ABOUT THIS EXERCISE:
Each line of data below is to be returned exactly, leaving out any picture.

DATA EXCERPT:
____________________

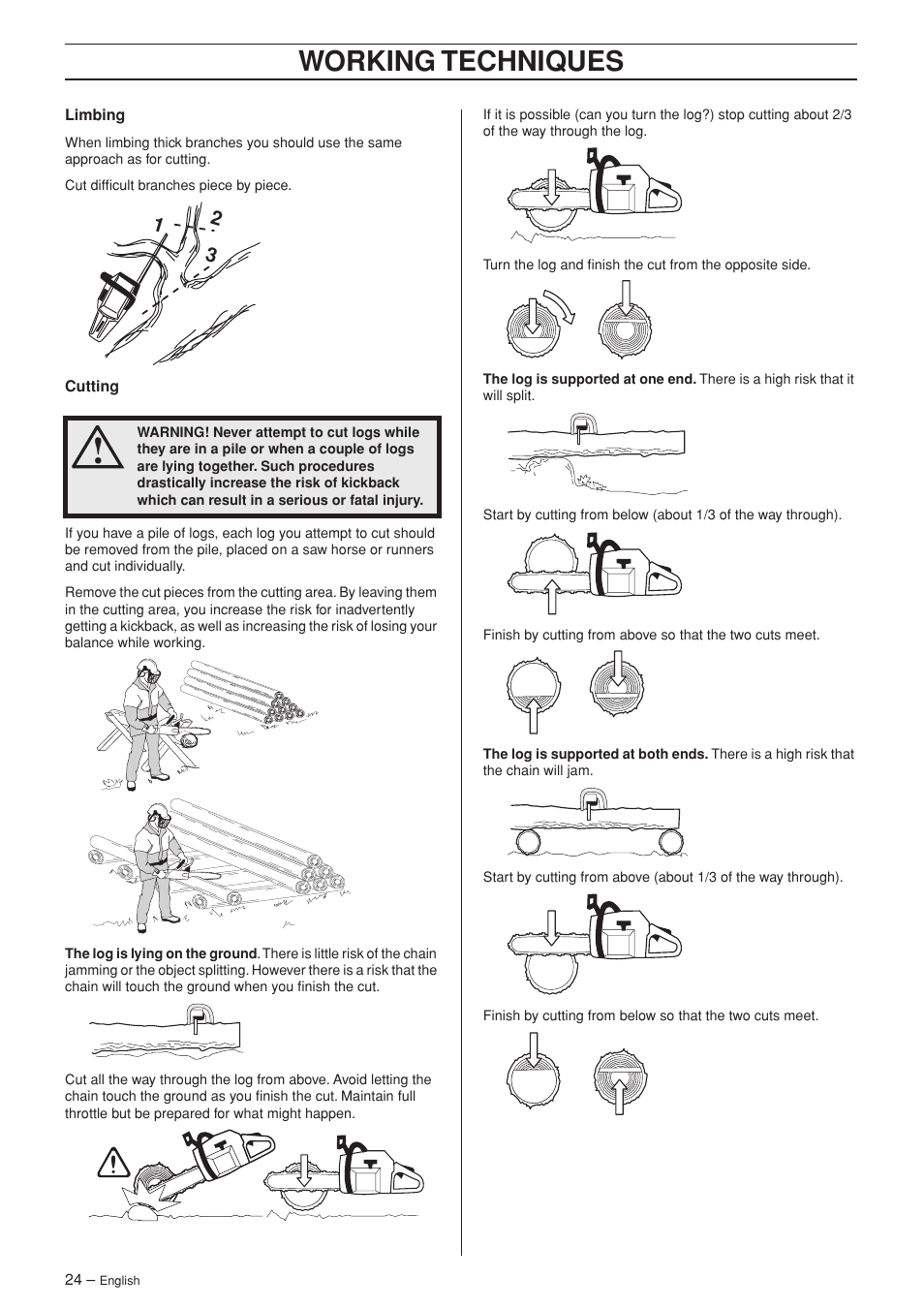 Working techniques | Husqvarna 55 User Manual | Page 24 / 40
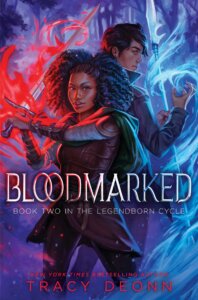 Cover of Tracy Deonn's novel Bloodmarked. Illustration shows two characters with weapons and magical swirls of colour.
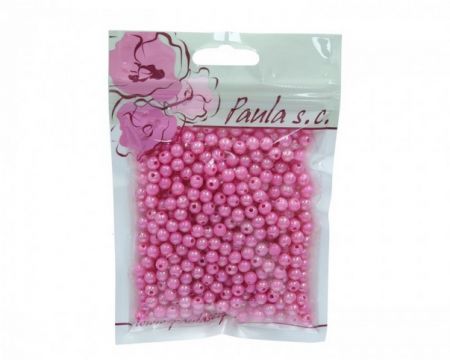 Korálky 6mm růžové plastové 50 g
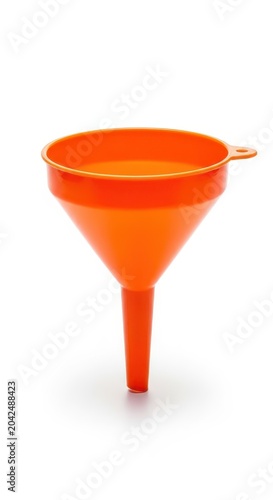 An empty orange plastic transfer funnel is prominently featured, centered and isolated on a clean white background, ready for liquids, oil, orange, funnel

____________________

RESPONSE:
 Working techniques | Husqvarna 55 User Manual | Page 24 / 40
 Cover of Tracy Deonn's novel Bloodmarked. Illustration shows two characters with weapons and magical swirls of colour.
 Korálky 6mm růžové plastové 50 g
 An empty orange plastic transfer funnel is prominently featured, centered and isolated on a clean white background, ready for liquids, oil, orange, funnel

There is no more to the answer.